Dataset records
------------------------------

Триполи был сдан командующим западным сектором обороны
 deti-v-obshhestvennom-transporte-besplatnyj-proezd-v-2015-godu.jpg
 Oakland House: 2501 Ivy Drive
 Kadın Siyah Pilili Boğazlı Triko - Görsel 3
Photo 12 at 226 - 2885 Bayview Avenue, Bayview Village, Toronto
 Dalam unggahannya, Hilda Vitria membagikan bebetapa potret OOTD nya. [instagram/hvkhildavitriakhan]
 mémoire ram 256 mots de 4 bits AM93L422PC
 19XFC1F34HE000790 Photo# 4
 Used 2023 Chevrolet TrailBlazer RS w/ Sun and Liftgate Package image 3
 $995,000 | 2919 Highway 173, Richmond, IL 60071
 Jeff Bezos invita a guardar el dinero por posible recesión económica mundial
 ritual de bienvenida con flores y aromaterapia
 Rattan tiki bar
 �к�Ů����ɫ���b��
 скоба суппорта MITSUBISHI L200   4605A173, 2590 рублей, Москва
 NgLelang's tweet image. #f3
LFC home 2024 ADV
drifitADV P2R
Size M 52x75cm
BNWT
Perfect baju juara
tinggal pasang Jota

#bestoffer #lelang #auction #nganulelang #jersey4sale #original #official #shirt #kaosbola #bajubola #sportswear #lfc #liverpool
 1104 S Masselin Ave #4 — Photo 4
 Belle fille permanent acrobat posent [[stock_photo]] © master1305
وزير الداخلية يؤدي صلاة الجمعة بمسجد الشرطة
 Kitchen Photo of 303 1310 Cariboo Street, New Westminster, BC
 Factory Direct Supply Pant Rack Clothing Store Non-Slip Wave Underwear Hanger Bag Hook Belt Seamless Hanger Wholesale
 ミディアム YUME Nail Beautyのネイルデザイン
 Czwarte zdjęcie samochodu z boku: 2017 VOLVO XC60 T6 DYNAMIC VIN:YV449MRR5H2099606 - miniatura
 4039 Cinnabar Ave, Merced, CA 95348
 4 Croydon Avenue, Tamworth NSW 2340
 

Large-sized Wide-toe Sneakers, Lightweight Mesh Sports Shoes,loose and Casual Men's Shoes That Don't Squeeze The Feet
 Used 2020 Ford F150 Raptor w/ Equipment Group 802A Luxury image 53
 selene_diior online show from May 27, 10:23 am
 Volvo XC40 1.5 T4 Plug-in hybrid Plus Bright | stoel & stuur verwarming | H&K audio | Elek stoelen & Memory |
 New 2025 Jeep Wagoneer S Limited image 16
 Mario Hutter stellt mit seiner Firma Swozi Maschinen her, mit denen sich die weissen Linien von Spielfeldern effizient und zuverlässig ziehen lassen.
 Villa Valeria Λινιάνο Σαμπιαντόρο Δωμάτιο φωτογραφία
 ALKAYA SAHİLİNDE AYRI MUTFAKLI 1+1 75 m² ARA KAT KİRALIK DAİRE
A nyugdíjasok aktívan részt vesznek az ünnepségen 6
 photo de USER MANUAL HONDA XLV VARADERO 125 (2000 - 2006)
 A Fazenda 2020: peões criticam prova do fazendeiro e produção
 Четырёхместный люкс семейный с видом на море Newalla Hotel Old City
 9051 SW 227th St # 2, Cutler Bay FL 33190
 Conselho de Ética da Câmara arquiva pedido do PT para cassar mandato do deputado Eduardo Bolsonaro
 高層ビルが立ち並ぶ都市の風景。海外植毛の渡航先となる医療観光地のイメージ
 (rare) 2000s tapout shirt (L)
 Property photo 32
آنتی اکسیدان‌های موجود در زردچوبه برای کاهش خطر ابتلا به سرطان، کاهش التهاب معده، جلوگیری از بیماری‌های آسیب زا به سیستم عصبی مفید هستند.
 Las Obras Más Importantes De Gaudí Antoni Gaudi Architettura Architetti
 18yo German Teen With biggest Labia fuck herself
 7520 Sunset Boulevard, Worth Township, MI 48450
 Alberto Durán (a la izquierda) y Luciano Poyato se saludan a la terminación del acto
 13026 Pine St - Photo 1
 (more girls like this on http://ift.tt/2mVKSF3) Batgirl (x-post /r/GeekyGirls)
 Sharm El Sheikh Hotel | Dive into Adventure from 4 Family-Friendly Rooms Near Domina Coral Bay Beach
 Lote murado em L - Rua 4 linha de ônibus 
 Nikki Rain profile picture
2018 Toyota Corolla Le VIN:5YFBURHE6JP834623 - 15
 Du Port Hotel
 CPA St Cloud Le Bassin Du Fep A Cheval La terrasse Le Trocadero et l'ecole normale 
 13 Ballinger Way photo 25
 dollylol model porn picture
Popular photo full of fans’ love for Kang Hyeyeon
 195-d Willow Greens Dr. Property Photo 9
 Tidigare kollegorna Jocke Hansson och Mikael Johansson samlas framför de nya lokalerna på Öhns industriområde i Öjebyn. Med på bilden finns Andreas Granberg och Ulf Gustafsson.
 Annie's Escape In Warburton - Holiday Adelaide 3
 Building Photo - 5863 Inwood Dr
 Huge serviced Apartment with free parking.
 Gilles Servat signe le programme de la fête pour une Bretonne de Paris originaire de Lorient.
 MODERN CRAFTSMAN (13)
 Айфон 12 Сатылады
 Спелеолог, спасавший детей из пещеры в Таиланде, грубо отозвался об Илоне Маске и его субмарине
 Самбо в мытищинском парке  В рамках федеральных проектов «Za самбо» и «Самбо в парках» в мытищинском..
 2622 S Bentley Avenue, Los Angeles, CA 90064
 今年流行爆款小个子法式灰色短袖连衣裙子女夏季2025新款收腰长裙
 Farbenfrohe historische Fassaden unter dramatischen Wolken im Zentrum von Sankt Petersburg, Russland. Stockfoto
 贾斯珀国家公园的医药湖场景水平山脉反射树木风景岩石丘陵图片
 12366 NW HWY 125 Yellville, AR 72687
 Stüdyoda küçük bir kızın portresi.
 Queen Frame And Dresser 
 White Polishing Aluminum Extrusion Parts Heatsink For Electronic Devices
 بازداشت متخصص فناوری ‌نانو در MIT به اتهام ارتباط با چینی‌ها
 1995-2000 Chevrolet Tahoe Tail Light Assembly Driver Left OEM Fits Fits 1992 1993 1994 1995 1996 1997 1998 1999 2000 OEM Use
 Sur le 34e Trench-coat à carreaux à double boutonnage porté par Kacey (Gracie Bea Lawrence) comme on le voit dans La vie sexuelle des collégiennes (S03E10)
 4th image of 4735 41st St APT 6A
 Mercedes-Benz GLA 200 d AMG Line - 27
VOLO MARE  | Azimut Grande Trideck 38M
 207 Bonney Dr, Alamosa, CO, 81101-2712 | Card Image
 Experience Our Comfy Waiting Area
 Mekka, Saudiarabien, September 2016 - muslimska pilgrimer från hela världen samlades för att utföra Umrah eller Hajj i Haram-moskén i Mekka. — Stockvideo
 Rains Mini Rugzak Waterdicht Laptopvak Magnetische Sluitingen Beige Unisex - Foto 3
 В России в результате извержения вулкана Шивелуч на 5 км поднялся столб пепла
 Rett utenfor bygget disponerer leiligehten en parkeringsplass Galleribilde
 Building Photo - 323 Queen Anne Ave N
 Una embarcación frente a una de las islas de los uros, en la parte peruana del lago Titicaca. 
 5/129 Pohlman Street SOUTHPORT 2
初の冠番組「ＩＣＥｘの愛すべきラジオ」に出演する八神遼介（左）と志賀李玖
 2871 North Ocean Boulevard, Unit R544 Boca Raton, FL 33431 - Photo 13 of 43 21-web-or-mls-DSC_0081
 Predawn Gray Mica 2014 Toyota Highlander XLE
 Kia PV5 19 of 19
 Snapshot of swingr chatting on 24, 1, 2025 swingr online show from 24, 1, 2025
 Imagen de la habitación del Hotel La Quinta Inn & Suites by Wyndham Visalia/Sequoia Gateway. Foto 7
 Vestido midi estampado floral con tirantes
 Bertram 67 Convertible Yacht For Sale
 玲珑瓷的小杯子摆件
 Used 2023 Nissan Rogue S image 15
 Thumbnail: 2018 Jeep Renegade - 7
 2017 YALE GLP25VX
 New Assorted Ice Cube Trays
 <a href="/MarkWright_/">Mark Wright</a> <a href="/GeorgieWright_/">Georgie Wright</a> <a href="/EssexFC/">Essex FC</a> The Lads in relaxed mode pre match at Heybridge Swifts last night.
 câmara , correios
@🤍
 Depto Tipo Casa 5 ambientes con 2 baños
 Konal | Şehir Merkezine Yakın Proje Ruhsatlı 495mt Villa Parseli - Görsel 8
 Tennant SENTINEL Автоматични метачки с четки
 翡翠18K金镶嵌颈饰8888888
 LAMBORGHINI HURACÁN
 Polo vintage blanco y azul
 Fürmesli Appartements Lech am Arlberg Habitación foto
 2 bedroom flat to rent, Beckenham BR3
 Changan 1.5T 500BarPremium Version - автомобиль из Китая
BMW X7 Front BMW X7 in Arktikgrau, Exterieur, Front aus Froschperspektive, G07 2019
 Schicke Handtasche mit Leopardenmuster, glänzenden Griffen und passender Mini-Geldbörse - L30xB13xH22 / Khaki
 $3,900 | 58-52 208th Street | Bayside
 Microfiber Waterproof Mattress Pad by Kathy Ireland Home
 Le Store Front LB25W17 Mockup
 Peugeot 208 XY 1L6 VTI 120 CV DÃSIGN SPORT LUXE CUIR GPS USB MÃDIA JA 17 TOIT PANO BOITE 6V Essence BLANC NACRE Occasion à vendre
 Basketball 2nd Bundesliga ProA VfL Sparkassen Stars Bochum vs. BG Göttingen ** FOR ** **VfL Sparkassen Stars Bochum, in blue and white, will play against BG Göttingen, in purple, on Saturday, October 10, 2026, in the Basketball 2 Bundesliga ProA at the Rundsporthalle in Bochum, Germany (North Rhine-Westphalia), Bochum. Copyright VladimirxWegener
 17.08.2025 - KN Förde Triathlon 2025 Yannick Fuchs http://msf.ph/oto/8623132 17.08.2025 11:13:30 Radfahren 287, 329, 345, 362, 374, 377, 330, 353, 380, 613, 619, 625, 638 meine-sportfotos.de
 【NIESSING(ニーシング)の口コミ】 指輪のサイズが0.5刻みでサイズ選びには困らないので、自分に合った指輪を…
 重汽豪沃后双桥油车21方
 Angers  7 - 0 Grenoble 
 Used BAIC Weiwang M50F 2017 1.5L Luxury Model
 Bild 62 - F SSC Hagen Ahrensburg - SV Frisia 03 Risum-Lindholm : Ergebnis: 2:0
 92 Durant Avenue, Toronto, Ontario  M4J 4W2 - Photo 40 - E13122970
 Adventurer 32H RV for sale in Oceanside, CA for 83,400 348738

------------------------------

**PROBLEM**
Above are the entries. Copy exactly the part that opens with the line containing "BMW X7 Front" and closes with the line containing "Peugeot 208 XY", and no more.

**ANSWER FOR THIS EXERCISE**
BMW X7 Front BMW X7 in Arktikgrau, Exterieur, Front aus Froschperspektive, G07 2019
 Schicke Handtasche mit Leopardenmuster, glänzenden Griffen und passender Mini-Geldbörse - L30xB13xH22 / Khaki
 $3,900 | 58-52 208th Street | Bayside
 Microfiber Waterproof Mattress Pad by Kathy Ireland Home
 Le Store Front LB25W17 Mockup
 Peugeot 208 XY 1L6 VTI 120 CV DÃSIGN SPORT LUXE CUIR GPS USB MÃDIA JA 17 TOIT PANO BOITE 6V Essence BLANC NACRE Occasion à vendre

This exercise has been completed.